Who Will Dominate AI: The U.S., China, Both or Neither?

A ‘Sputnick moment’ for AI. A new cold war – the race to superintelligence – is on.

Who Will Dominate AI: The U.S., China, Both or Neither?

The year 2025 began with an artificial intelligence jolt: DeepSeek, a large language model developed in Hangzhou, China’s “Silicon Valley,” shook global financial markets. The AI phenom became the most-downloaded free app on Apple’s app store in the U.S., beating even ChatGPT.

12 Days of Broadband 2025 (click to open)

On the second day of broadband... | Broadband Breakfast
12 Days of Broadband is an innovative online event series featuring 12 distinct virtual sessions focused on critical topics in broadband connectivity, telecommunications policy, and digital infrastructure. Each day (Monday, Dec. 1-Tuesday, Dec. 16) wi…

Here, in spite of U.S. export controls keeping the most advanced chips by Nvidia out of the country, a Chinese AI startup appeared to have built a near-frontier AI model cheaply – and through open-source. It was a “Sputnick moment” if there ever was one for the U.S. 

A new “cold war” – the race to superintelligence – was on.

At the very heart of the AI race between the two superpowers was the battle over silicon chips and geopolitical-driven business models. Semiconductors sit at the center of the U.S.-China technology race, powering not only AI-driven data centers, but electric cars, drones and indeed all manufacturing. 

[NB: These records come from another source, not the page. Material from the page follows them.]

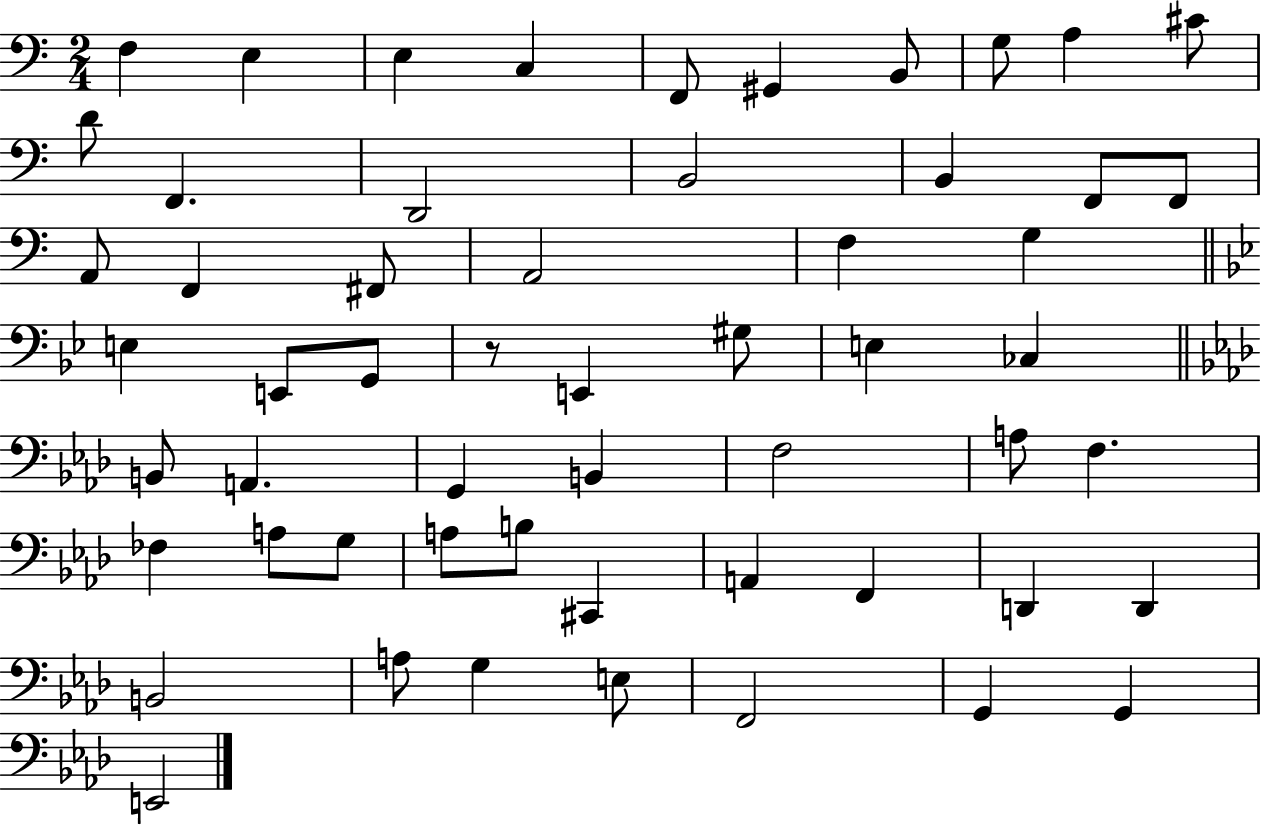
X:1
T:Untitled
M:2/4
L:1/4
K:C
F, E, E, C, F,,/2 ^G,, B,,/2 G,/2 A, ^C/2 D/2 F,, D,,2 B,,2 B,, F,,/2 F,,/2 A,,/2 F,, ^F,,/2 A,,2 F, G, E, E,,/2 G,,/2 z/2 E,, ^G,/2 E, _C, B,,/2 A,, G,, B,, F,2 A,/2 F, _F, A,/2 G,/2 A,/2 B,/2 ^C,, A,, F,, D,, D,, B,,2 A,/2 G, E,/2 F,,2 G,, G,, E,,2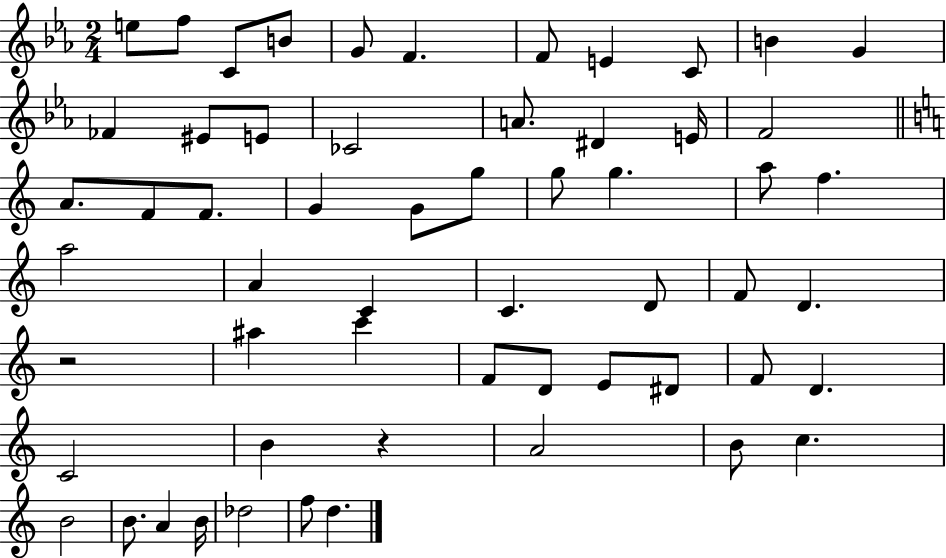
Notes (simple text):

E5/e F5/e C4/e B4/e G4/e F4/q. F4/e E4/q C4/e B4/q G4/q FES4/q EIS4/e E4/e CES4/h A4/e. D#4/q E4/s F4/h A4/e. F4/e F4/e. G4/q G4/e G5/e G5/e G5/q. A5/e F5/q. A5/h A4/q C4/q C4/q. D4/e F4/e D4/q. R/h A#5/q C6/q F4/e D4/e E4/e D#4/e F4/e D4/q. C4/h B4/q R/q A4/h B4/e C5/q. B4/h B4/e. A4/q B4/s Db5/h F5/e D5/q.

Indeed, control over chip design and manufacturing has become a measure of national power. Washington is pushing for self-reliance from global supply chains that are the longest in China. Beijing is seeking to enhance its state-backed production that seems to dominate industry after industry globally.

The architecture of AI

Chip-making architecture sits at the heart of AI development because it determines how efficiently models can be trained and run at scale. Silicon Valley’s Nvidia uses Graphical Processing Units (GPUs), a design that sets the standard. Fellow Silicon Valley rivals AMD and Intel are racing to offer rival accelerators and chiplet-based designs that cut costs and power use.

But powering Nvidia and others is the Taiwan Semiconductor Manufacturing Company, or TSMC, which plays a unique and essential role in the global chip industry. It is based on the island that China considers part of its own country.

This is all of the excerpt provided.